## Source material

<<<<

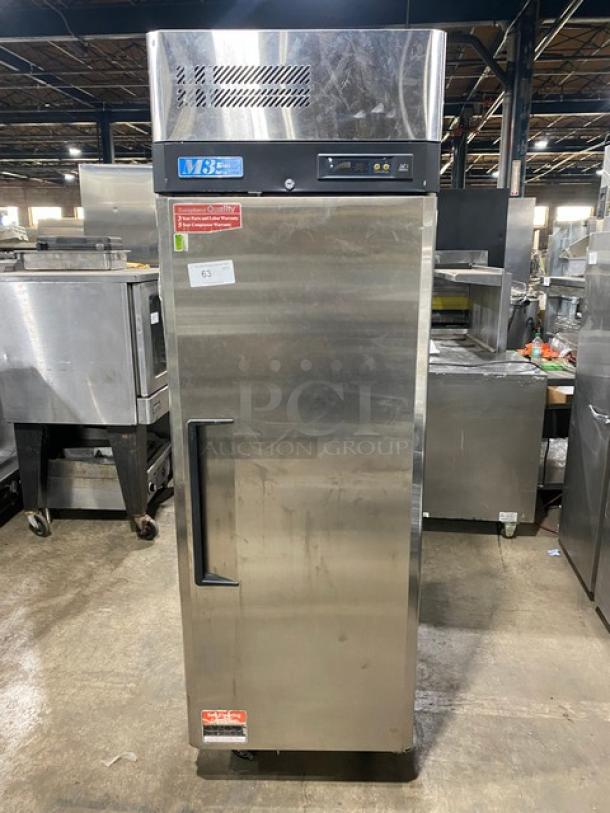 Turbo Air M3 Series stainless steel refrigerator, model M3R191, on casters. Features poly-coated rack. Serial: M3R1LB4111.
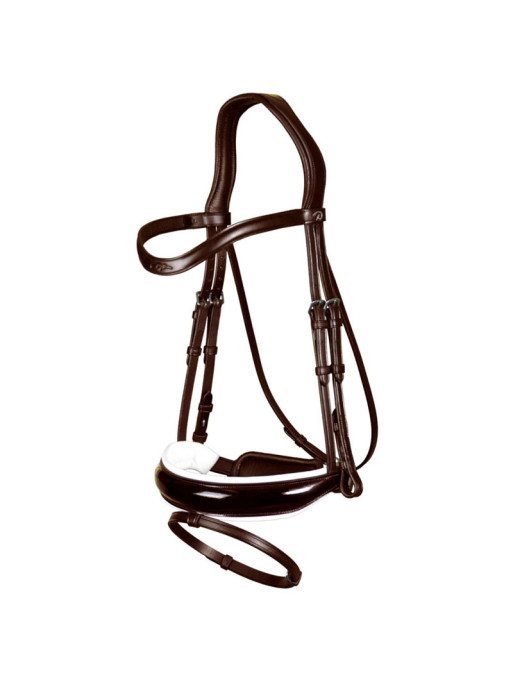 Bridon muserolle combinée large vernie doublure blanche 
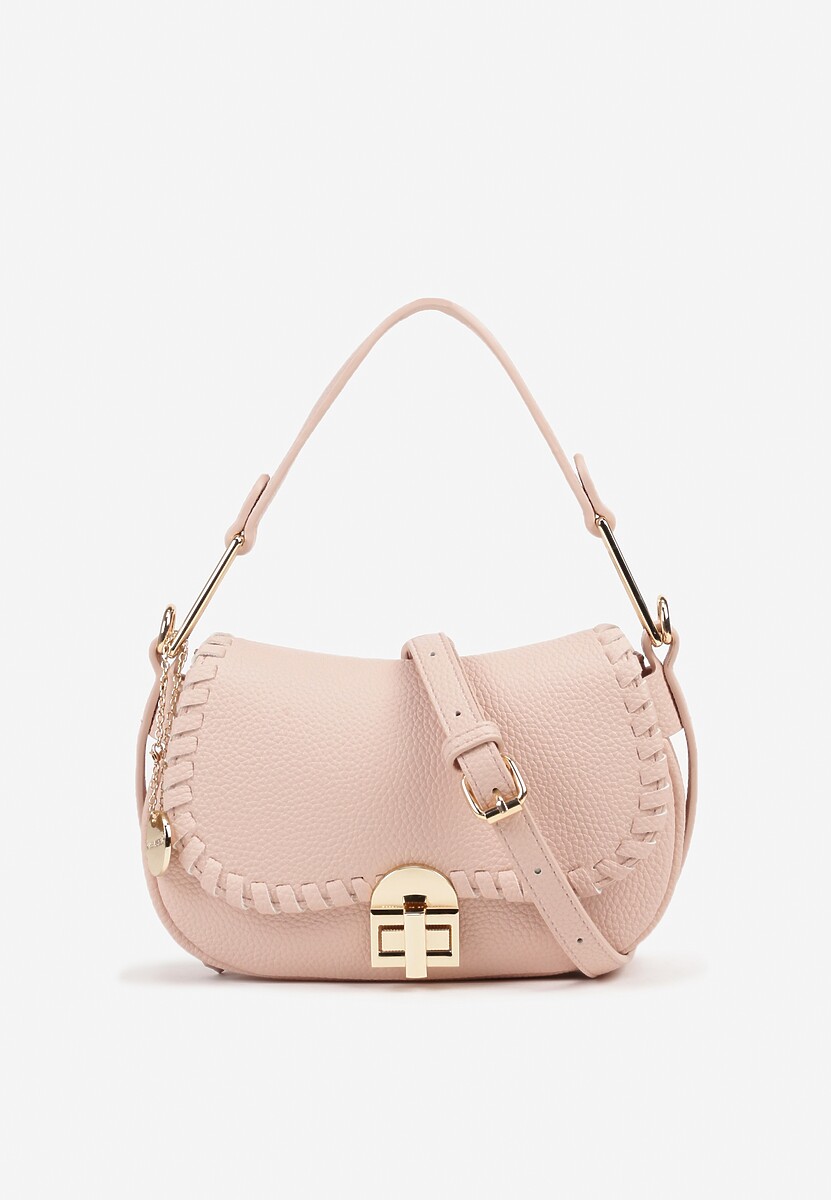 Różowa Torebka Typu Bagietka z Dołączonym Paskiem Crossbody Nanoria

>>>>

## What needs to be done
The pictures are to be omitted, and the rest of the listing is to be transcribed exactly.

## Solution to the exercise
 Turbo Air M3 Series stainless steel refrigerator, model M3R191, on casters. Features poly-coated rack. Serial: M3R1LB4111.
 Bridon muserolle combinée large vernie doublure blanche 
 Różowa Torebka Typu Bagietka z Dołączonym Paskiem Crossbody Nanoria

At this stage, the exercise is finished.